The TGA thanks respondents who provided a submission in response to the public consultation paper: Personalised medical devices, including 3D-printed devices.
The consultation related to a proposal to update the regulatory framework to better regulate personalised medical devices, including those made using 3D printers. The purpose of this consultation, which followed on from earlier public consultation and forums in 2017 and 2018, was to understand the potential effect that the proposed changes may have on the medical devices industry, health care professionals, patients and healthcare system more broadly.
Six questions were included in the consultation paper seeking feedback on the level of support for the proposals; any perceived advantages, disadvantages, or unintended consequences; comments and suggestions; anticipated financial implications; and estimated time periods that might be required to effectively implement the proposed new arrangements, if agreed by the Government.
A total of twenty (25) submissions were received.
Advancing technology has significantly shaped the 'personalised medical device' sector, enabling device manufacturers to easily and rapidly produce individualised medical devices, including 3D-printed devices, to meet the needs of individual patients and health care professionals.
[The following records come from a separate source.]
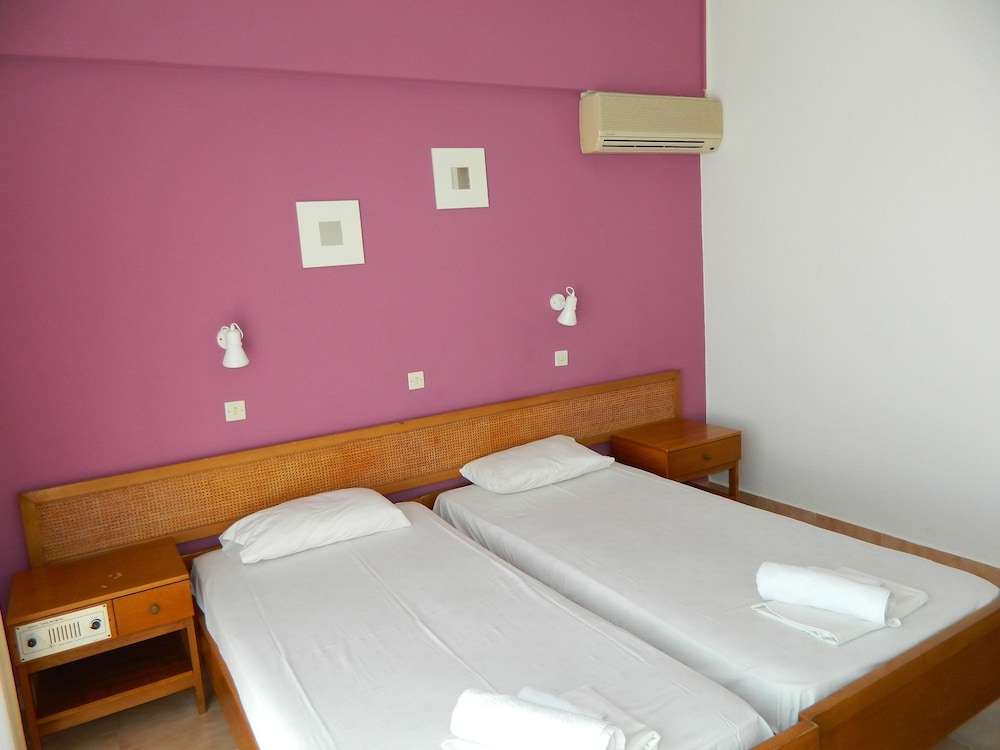 Telhinis Hotel — Hotel rooms in Faliraki, South Aegean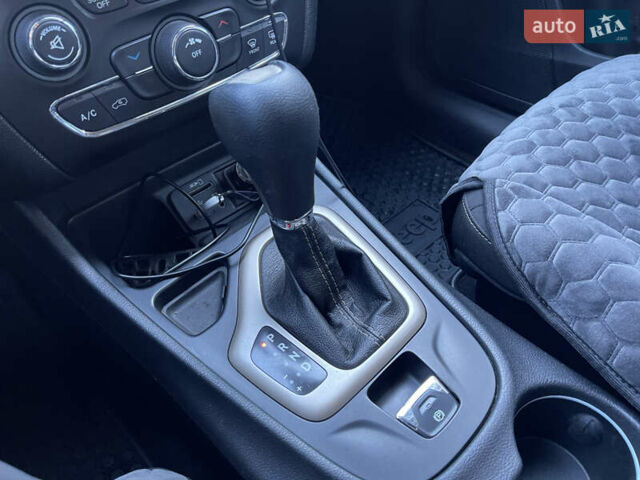 Сірий Джип Cherokee, об'ємом двигуна 2.36 л та пробігом 191 тис. км за 11999 $, фото 44 на Automoto.ua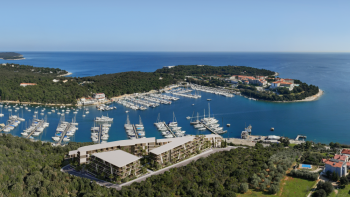 Amazing 1st line new residence by yachting marina near Pula 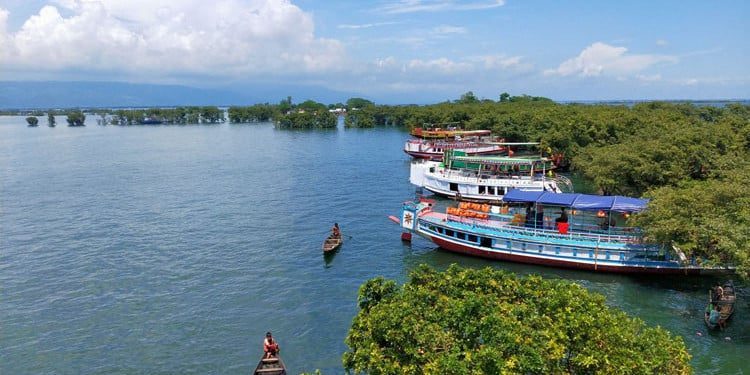 টাঙ্গুয়ার হাওরে পর্যটকবাহী হাউসবোটে নিষেধাজ্ঞা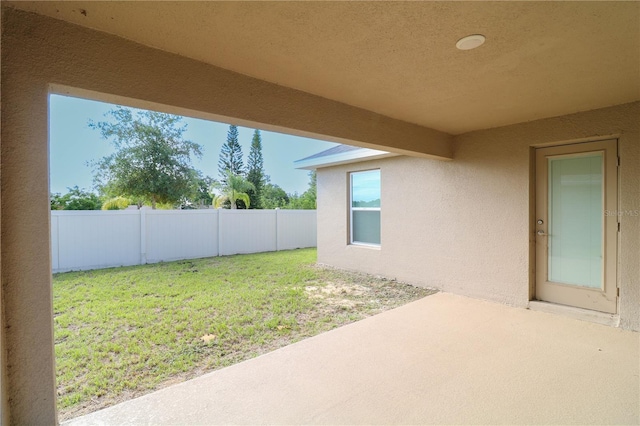 1105 Citrus Landings Blvd, Davenport, FL 33837 - view of yard featuring a patio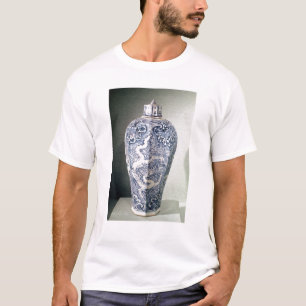Octagonal 'Mei- P'ing' vase with white T-Shirt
In the Therapeutic Goods Act 1989, these types of devices typically fall within the current definition of 'custom-made medical device'. In Australia, through an exemption pathway, custom-made devices are exempt from regulatory review and certification prior to supply.
There are no limits in the current Australian framework to the types of devices that can be supplied under the custom-made medical device exemption pathway. This means that simple non-invasive devices and (usually) higher-risk implantable devices can be supplied without regulatory oversight. The exemption pathway, implemented over twenty years ago, was intended to be used only by manufacturers of low-risk devices.
The TGA in its consultation paper, proposed that the existing regulatory requirements for personalised medical devices are no longer fit-for-purpose and sought feedback on proposals to amend the regulations to incorporate appropriate regulatory safeguards, commensurate with expectations from the public, to reflect the technological advancements now available in the field of personalised medical devices manufacture.
This consultation focussed on proposed regulatory reforms that included introducing new definitions for personalised medical devices under three categories (custom made, patient matched, and adaptable), together with associated regulatory controls applied commensurate with the risks represented in each of the categories. A new type of medical device system was also proposed to be introduced, the medical device production system (MDPS), to enable healthcare professionals to safely produce personalised medical devices, often at point of care, using a certified turnkey system. Use of a certified system would mean that healthcare professionals producing these types of medical devices would not then be required to obtain manufacturer certification.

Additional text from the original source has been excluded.